[Opening Source data section]

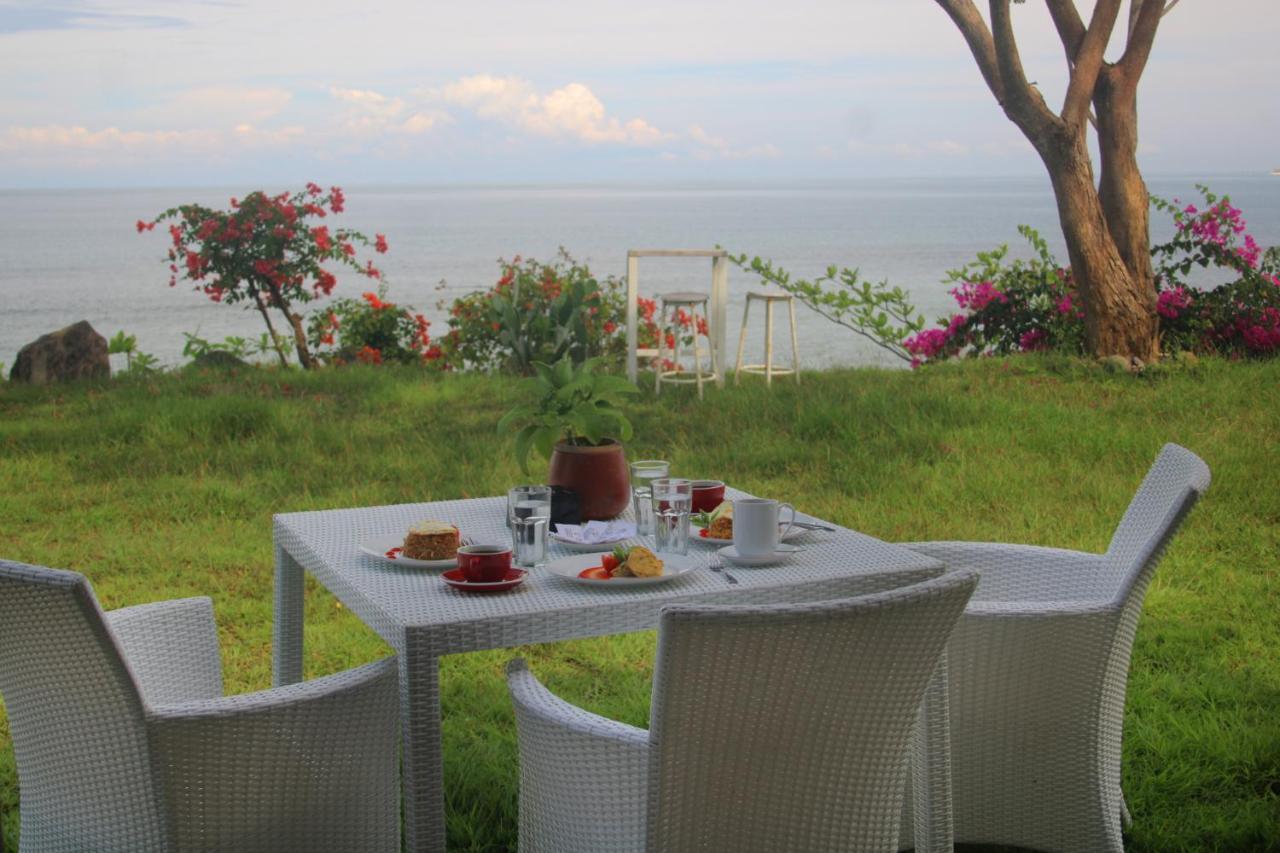 Lombok Sunset Bay Resort Sekotong Ngoại thất bức ảnh
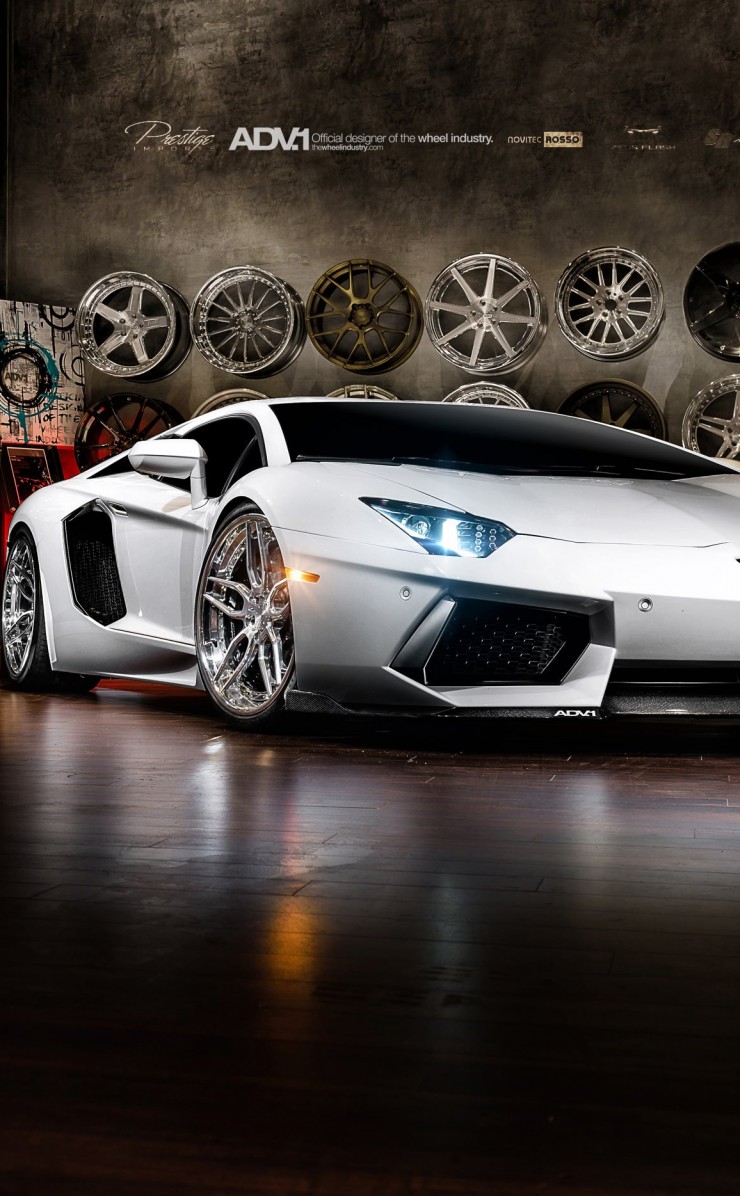 Lamborghini Aventador On ADV.1 Wheels Wallpaper for Apple iPhone 4 / 4s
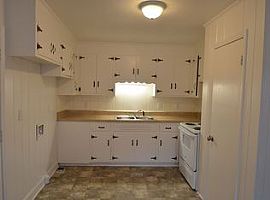 3012 Markland Dr, Charlotte, Nc 28208 3 Beds 1 Bath 904 Sqft in Charlotte, NC (Photo 6 of 7)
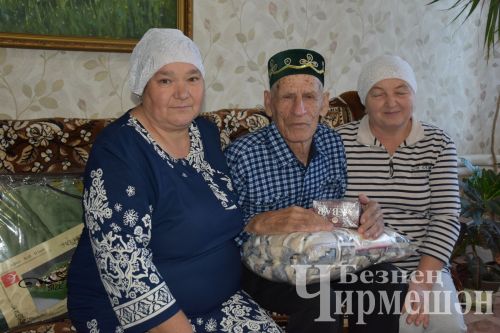 Якты Таудан 90 яшен тутырган Исмәгыйль Хәсәншин яшьли әнисез калган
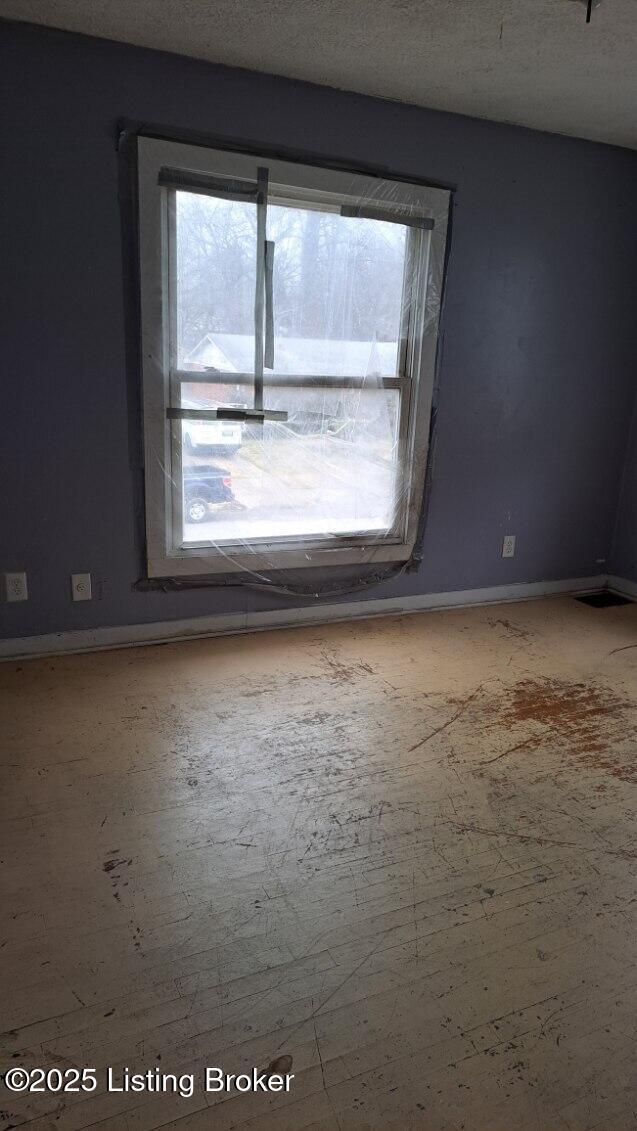 3502 Hale Ave, Louisville, KY 40211 - photo 6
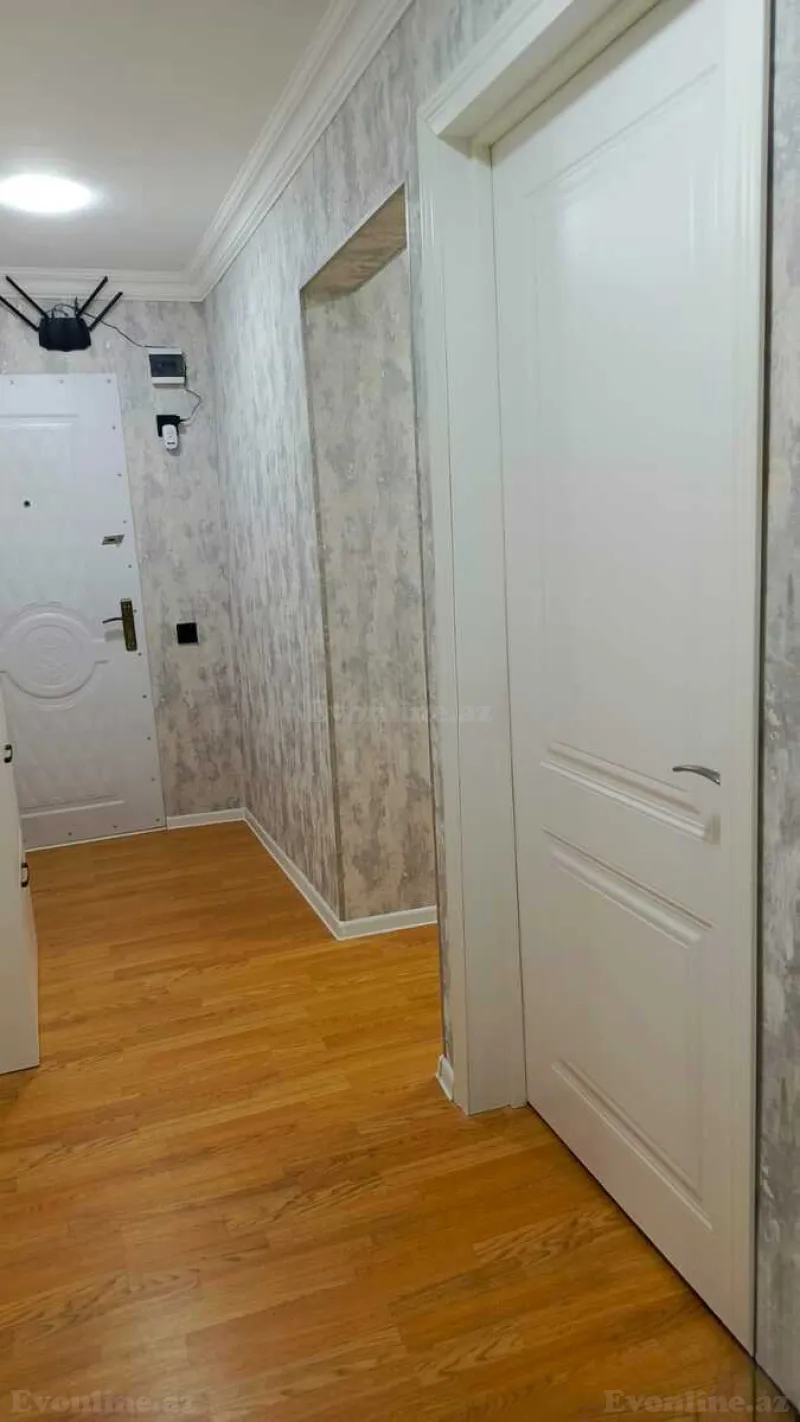 Satılır 2 otaqlı Mənzil Köhnə tikili 46 m² Neftçilər m. - şəkil 4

[Closing Source data section]

Try it: Only the lines from the one containing "Lamborghini Aventador On" through the final line of the listing should be reproduced, exactly and with no pictures.

Exercise answer:
 Lamborghini Aventador On ADV.1 Wheels Wallpaper for Apple iPhone 4 / 4s
 3012 Markland Dr, Charlotte, Nc 28208 3 Beds 1 Bath 904 Sqft in Charlotte, NC (Photo 6 of 7)
 Якты Таудан 90 яшен тутырган Исмәгыйль Хәсәншин яшьли әнисез калган
 3502 Hale Ave, Louisville, KY 40211 - photo 6
 Satılır 2 otaqlı Mənzil Köhnə tikili 46 m² Neftçilər m. - şəkil 4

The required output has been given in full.